> _PROVIDED RECORDS_:
'''
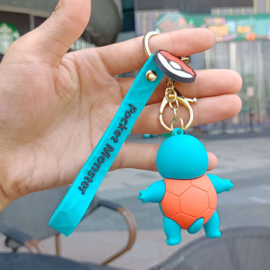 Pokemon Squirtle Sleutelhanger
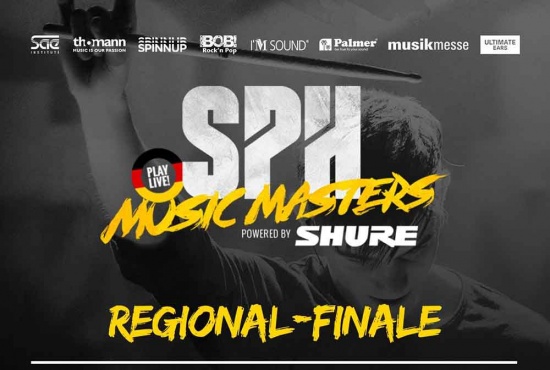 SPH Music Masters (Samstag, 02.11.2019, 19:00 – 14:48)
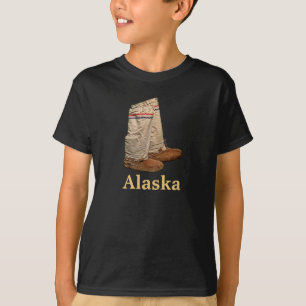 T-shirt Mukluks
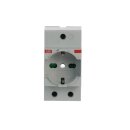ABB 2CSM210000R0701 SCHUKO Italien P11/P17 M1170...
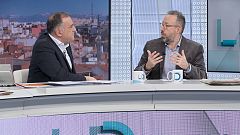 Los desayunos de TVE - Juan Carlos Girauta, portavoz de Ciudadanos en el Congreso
'''
'''
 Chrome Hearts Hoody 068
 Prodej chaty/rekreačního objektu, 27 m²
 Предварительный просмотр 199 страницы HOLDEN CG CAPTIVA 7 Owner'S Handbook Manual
'''
> _DESCRIPTION OF THE TASK_: Using the data above, output the line that has "Pokemon Squirtle Sleutelhanger", the line that has "Los desayunos de", and whatever lines fall between, each exactly as it stands and without pictures.

> _SOLUTION FOR THIS EXERCISE_:
 Pokemon Squirtle Sleutelhanger
 SPH Music Masters (Samstag, 02.11.2019, 19:00 – 14:48)
 T-shirt Mukluks
ABB 2CSM210000R0701 SCHUKO Italien P11/P17 M1170...
 Los desayunos de TVE - Juan Carlos Girauta, portavoz de Ciudadanos en el Congreso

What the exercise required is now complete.